Hacker News new | ask | show | jobs
by morgante 3561 days ago
> It has to be in a book, codified and signed off on?

The point is for rules to be formal then the must be formalized somehow and codified. This could be online or in a book, but the point is that there must be some clear delineation between when the rules are followed and when they are broken. Otherwise what's the meaning of "formal" rules?

> If so, aren't these kind of antithetical to AAVE on the face of it?

Yes. My argument is that AAVE, almost by definition, is an informal dialect without formalized rules.

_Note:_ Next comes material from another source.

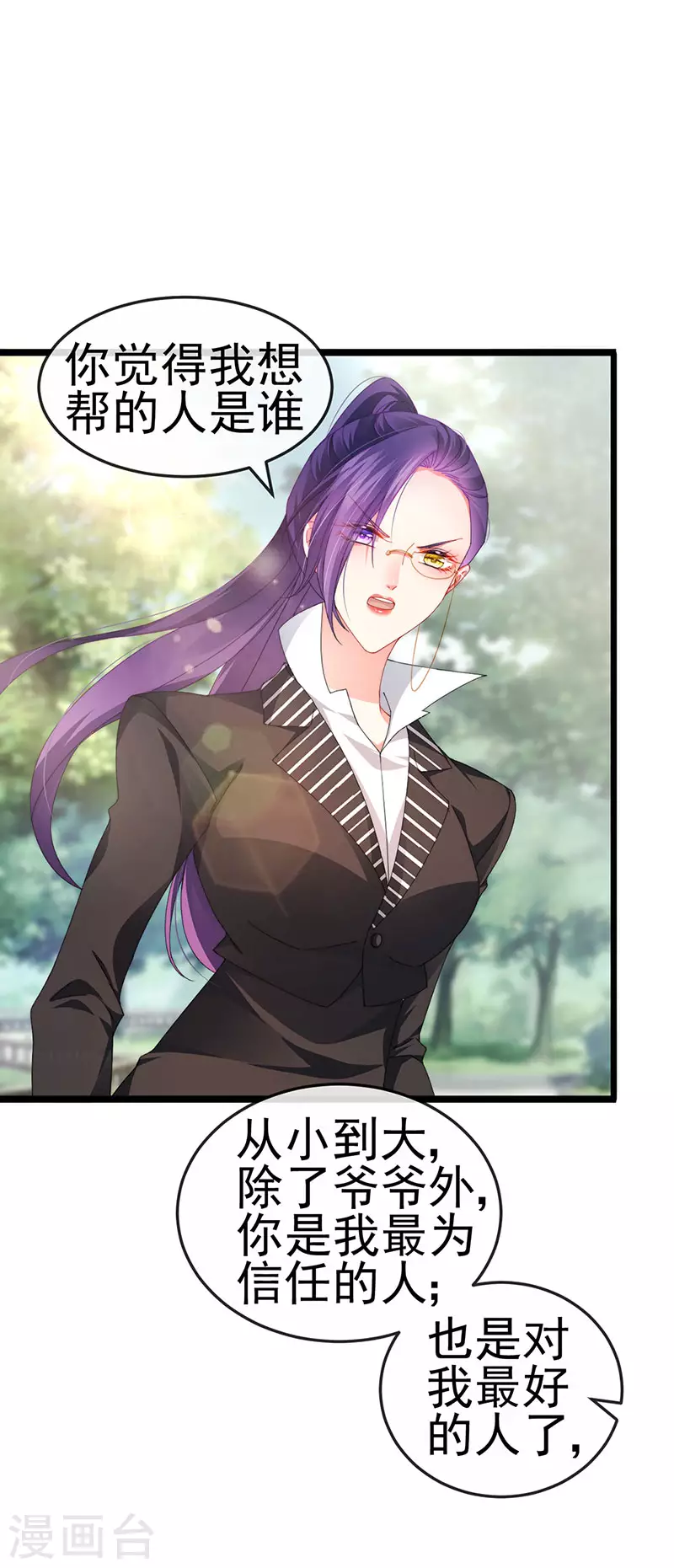 第38话 反转措不及防-第41话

This is getting rather off topic, but I think it relates to the original point of why NLP might start with Standard English even if you are not biased. A large corpus of Standard English text (such as from the WSJ) will generally be very internally consistent precisely because it follows a set of formal rules codified into a style guide. As there is no such equivalent for AAVE, even gathering a large and internally consistent corpus of AAVE text seems prohibitively difficult. That being said, I do hope researchers are working on gathering text from Twitter to build up new training sets.

1 comments

The point is for rules to be formal then the must be formalized somehow and codified

So every form of English is an "informal dialect" then? Because this ain't French with the Académie publishing strict rules for use of the language. Do you also say that the languages of remote Amazon tribes aren't "real languages" because they don't have a formal government body publishing written rules?

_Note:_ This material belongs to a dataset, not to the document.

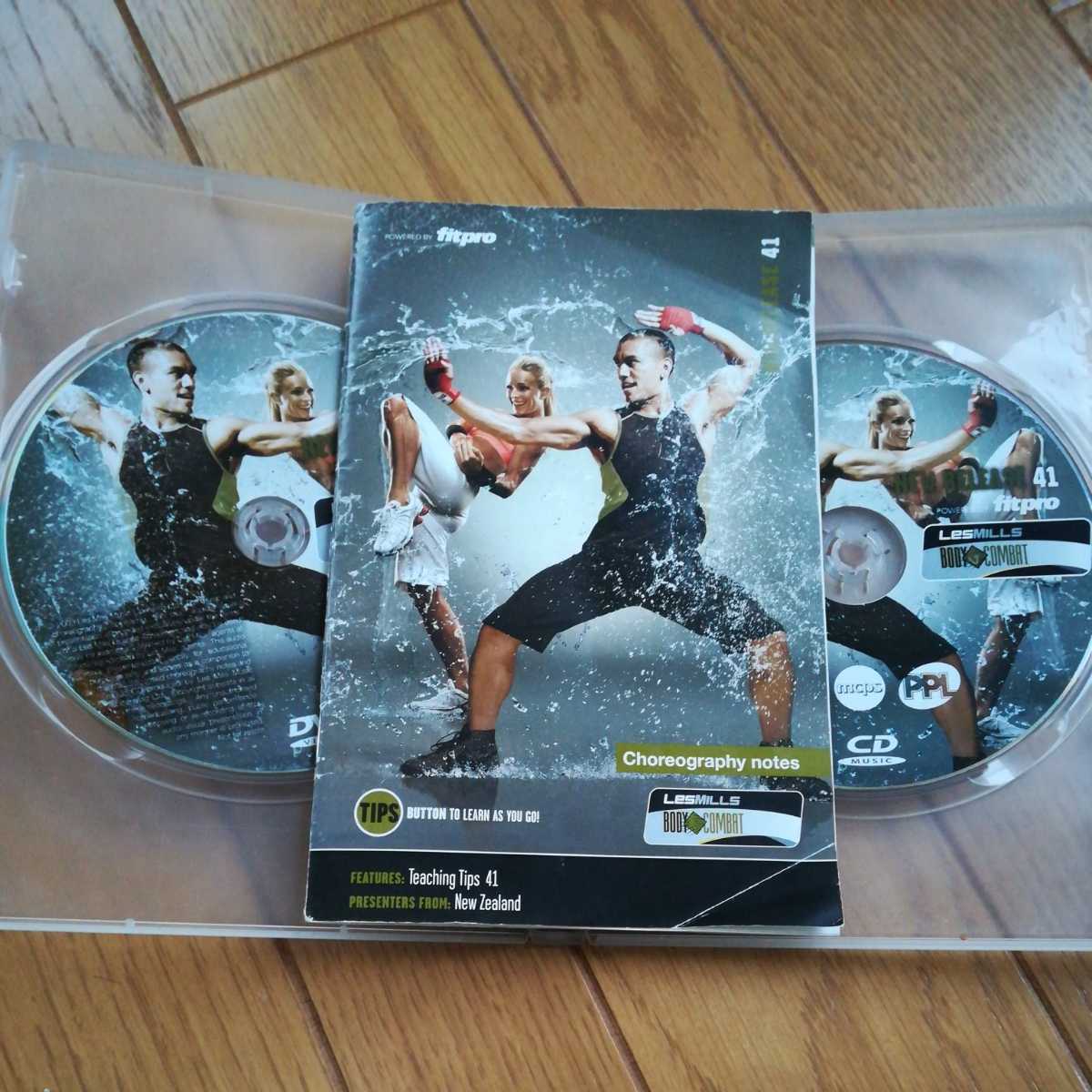雪の豪奢 ボディコンバット DVD コリオ CD スポーツ・フィットネス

Or do you just want to bash on AAVE and are grasping at straws for reasons why?

> So every form of English is an "informal dialect" then?

Yes, the majority of spoken English does not follow the rules of Standard English. Pretending that such rules don't exist is willful ignorance though: the WSJ obviously write a more formalized version of English than teenagers do in text messages.

> Do you also say that the languages of remote Amazon tribes aren't "real languages" because they don't have a formal government body publishing written rules?

Nowhere did I say that AAVE is "not a real language" because it's less formalized than Standard English. Prior to spelling reforms, English itself was extremely inconsistent and informal, but I certainly don't pretend that it wasn't a language.

> Or do you just want to bash on AAVE and are grasping at straws for reasons why?

I'm not trying to bash AAVE. In fact, I'd even posit that the reason AAVE isn't more codified is perhaps because of racial bias which treated it simply as "incorrect" English instead of a separate dialect worthy of formalization. Pretending that all languages are equally formalized is simply willful ignorance though.